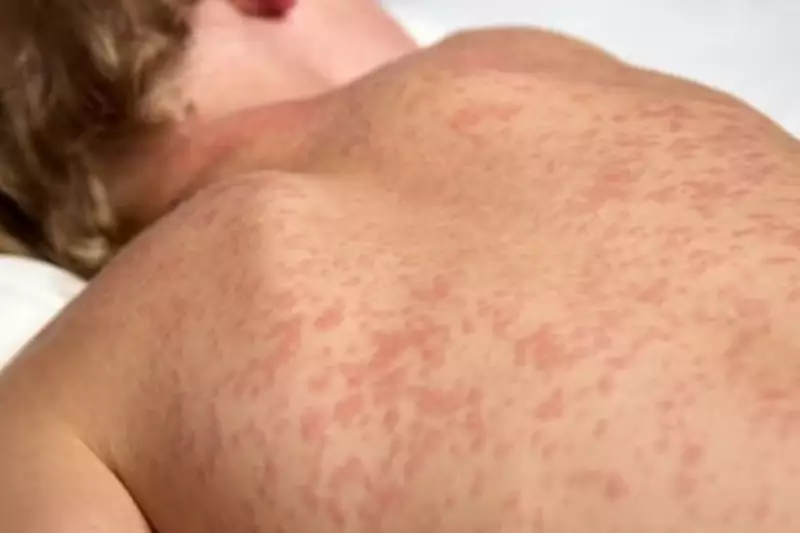 Sarampo em Uberlândia: Estado monta força-tarefa contra surto com 9 casos suspeitos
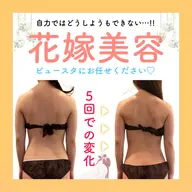 【ブライダル専用】背中の厚み・二の腕痩せはこれ💖ドレスが似合うお身体に劇的変化✨️🤍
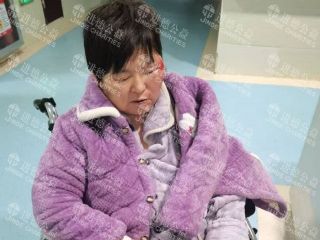 2533   丁*娥脑出血、肋骨骨折求助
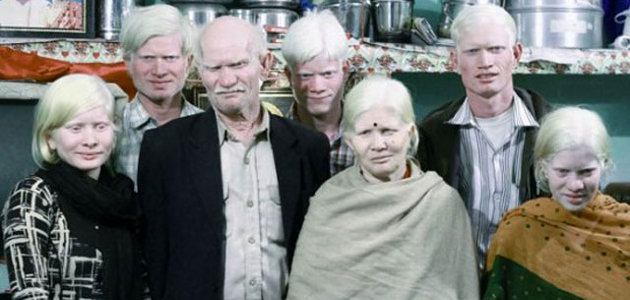 serba serbi albino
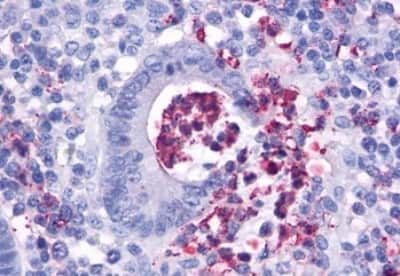 Immunohistochemistry-Paraffin: FPRL1/FPR2 Antibody [NBP3-14323]
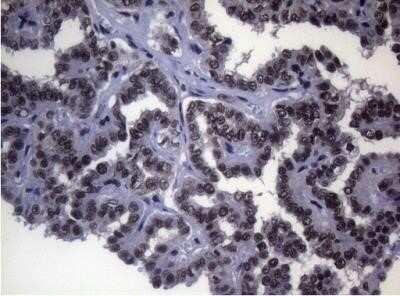 Immunohistochemistry: Splicing Factor 1 Antibody (OTI7H9) - Azide and BSA Free [NBP2-74338]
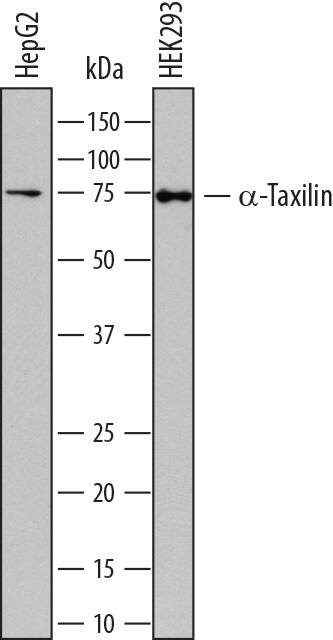 Detection of Human a-Taxilin antibody by Western Blot.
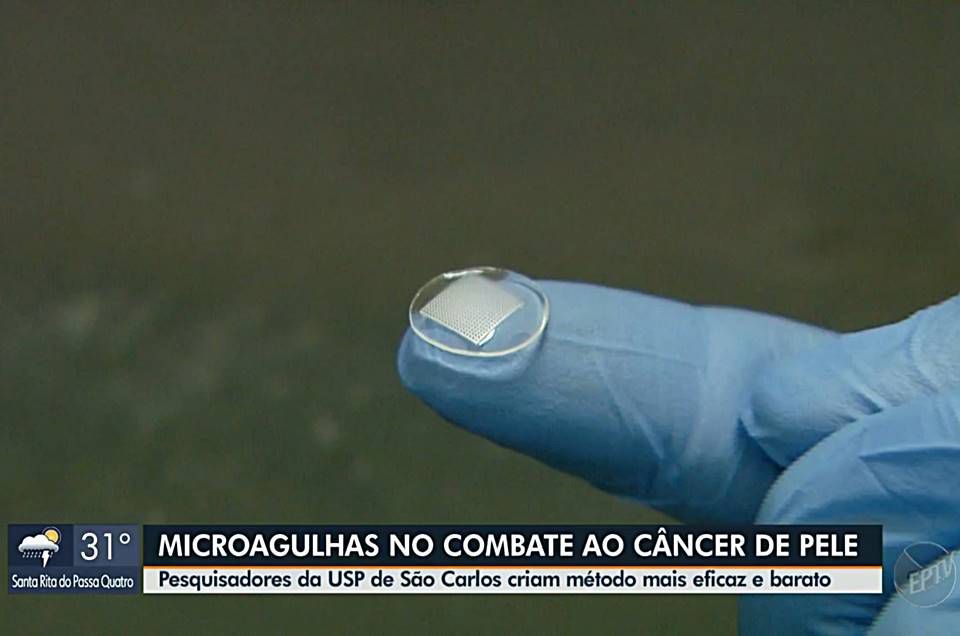 USP desenvolve nova técnica com microagulhas para tratar câncer de pele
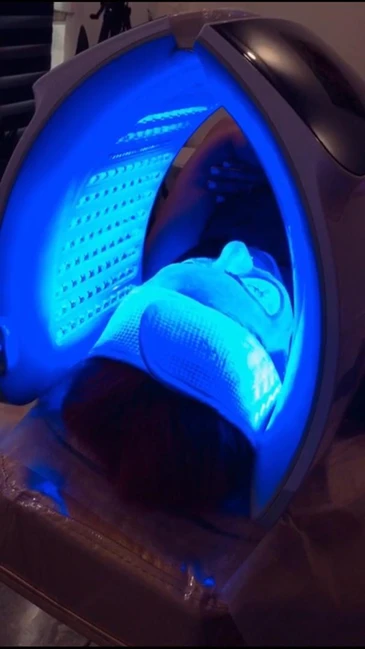 لیزر موهای زائد بدن با دستگاه شاتی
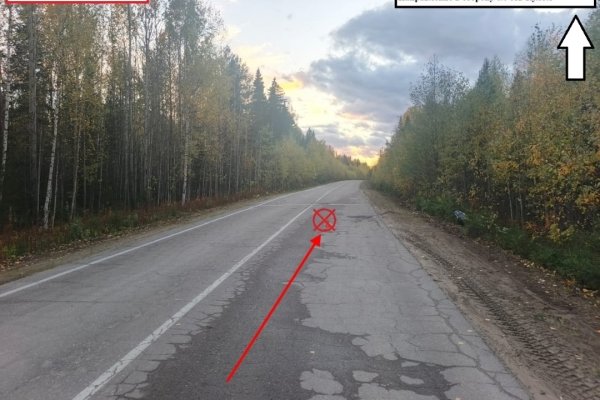 В Усть-Куломском районе во время движения загорелся мопед, водитель получил ожоги и травмы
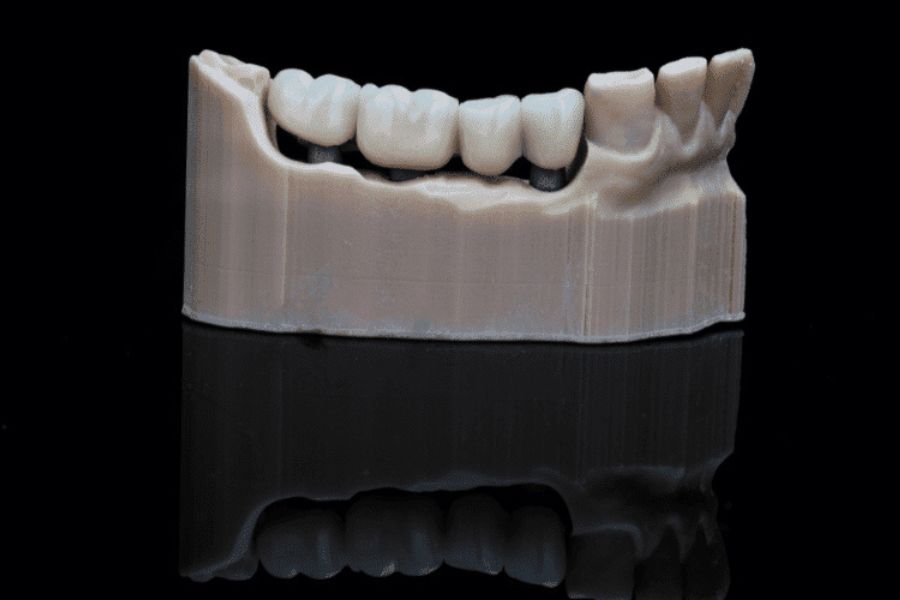 Mô hình cầu răng sứ trên Implant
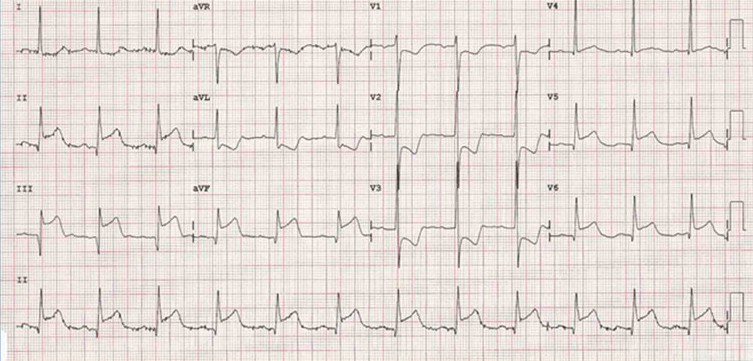 ECG marzo 2019 cardiofamilia
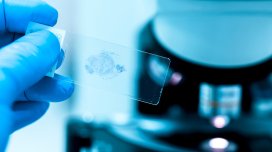 Erkən yaşlanmanın yeni səbəbi aşkarlandı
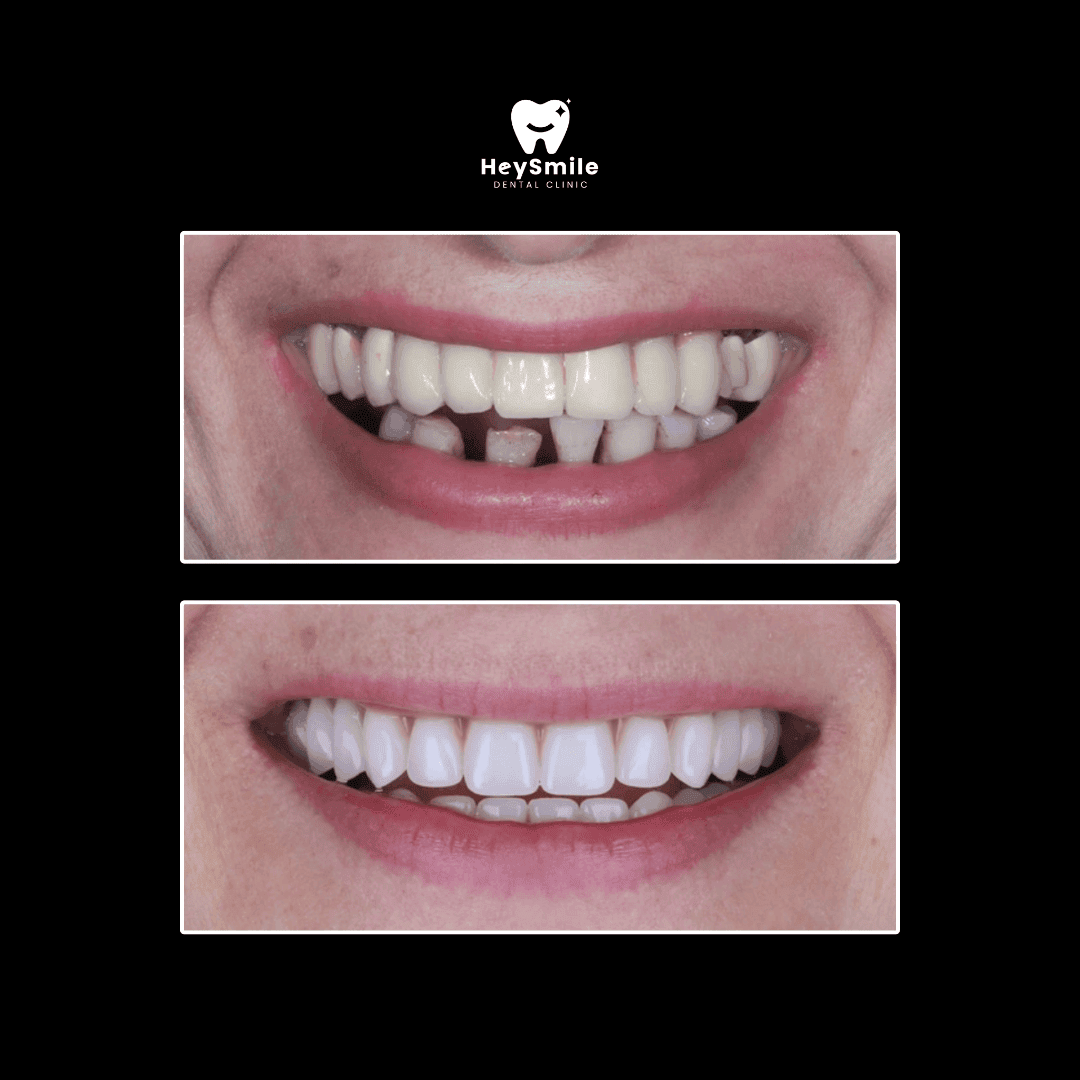 Multiple Missing Teeth (2)
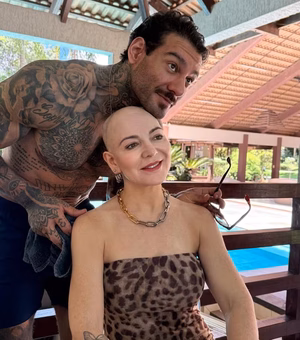 Mãe de Lucas Lucco fala sobre mensagens recebidas após diagnóstico de alopecia areata: 'Não é sobre estética'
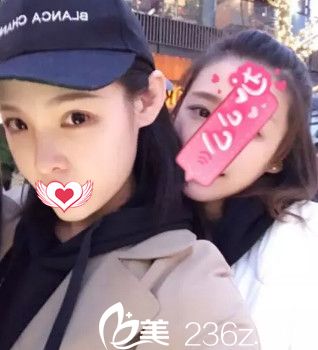 將我在石家莊藍(lán)山做鼻綜合手術(shù)1個(gè)月恢復(fù)過(guò)程圖分享給大家 只想說(shuō)選盧闖醫(yī)生做隆鼻是真靠譜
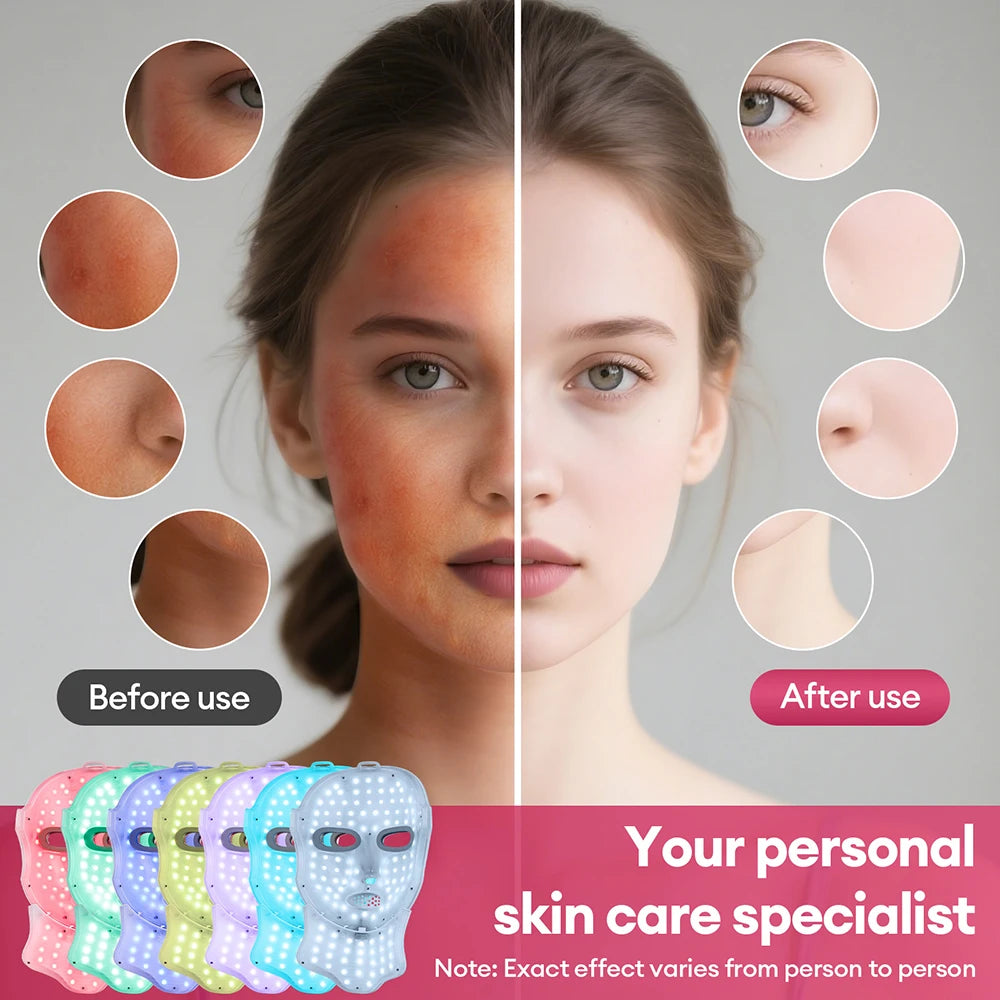 7 Color LED Face & Neck Mask - Anti-Aging Light Therapy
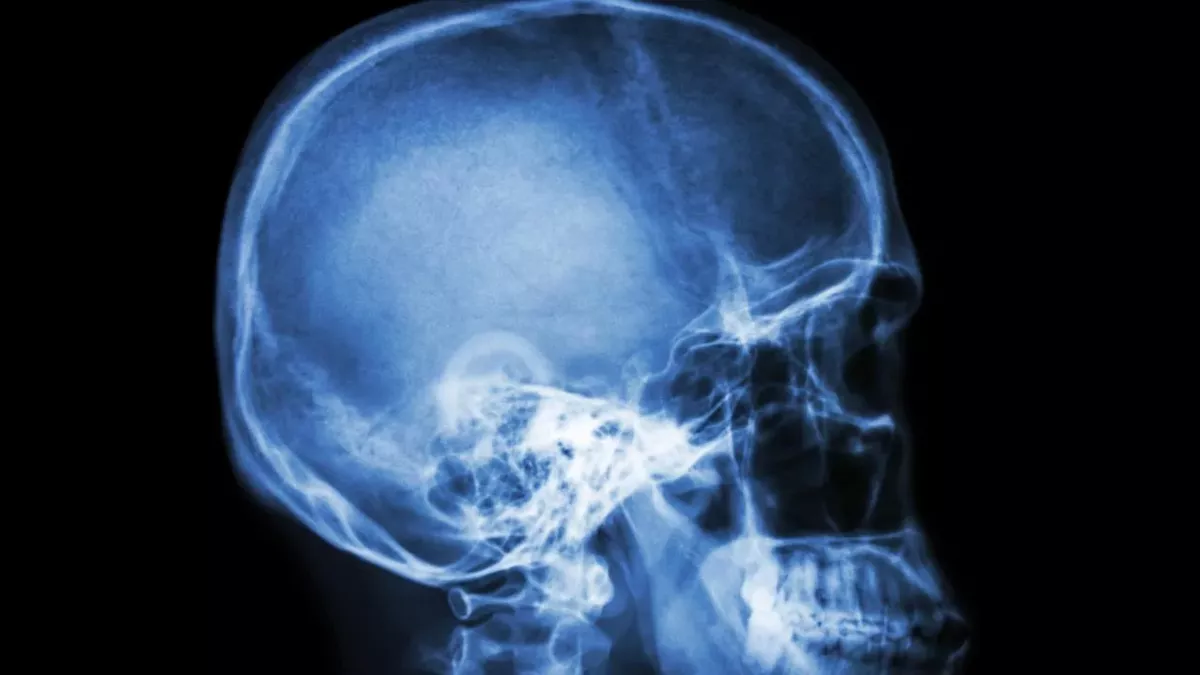 This is how even a mild COVID infection could modify your brain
- - - - -
What you are asked to do: Transcribe the material above word for word; images do not belong in the copy.

Exercise result:
 Sarampo em Uberlândia: Estado monta força-tarefa contra surto com 9 casos suspeitos
 【ブライダル専用】背中の厚み・二の腕痩せはこれ💖ドレスが似合うお身体に劇的変化✨️🤍
 2533   丁*娥脑出血、肋骨骨折求助
 serba serbi albino
 Immunohistochemistry-Paraffin: FPRL1/FPR2 Antibody [NBP3-14323]
 Immunohistochemistry: Splicing Factor 1 Antibody (OTI7H9) - Azide and BSA Free [NBP2-74338]
 Detection of Human a-Taxilin antibody by Western Blot.
 USP desenvolve nova técnica com microagulhas para tratar câncer de pele
 لیزر موهای زائد بدن با دستگاه شاتی
 В Усть-Куломском районе во время движения загорелся мопед, водитель получил ожоги и травмы
 Mô hình cầu răng sứ trên Implant
 ECG marzo 2019 cardiofamilia
 Erkən yaşlanmanın yeni səbəbi aşkarlandı
 Multiple Missing Teeth (2)
 Mãe de Lucas Lucco fala sobre mensagens recebidas após diagnóstico de alopecia areata: 'Não é sobre estética'
 將我在石家莊藍(lán)山做鼻綜合手術(shù)1個(gè)月恢復(fù)過(guò)程圖分享給大家 只想說(shuō)選盧闖醫(yī)生做隆鼻是真靠譜
 7 Color LED Face & Neck Mask - Anti-Aging Light Therapy
 This is how even a mild COVID infection could modify your brain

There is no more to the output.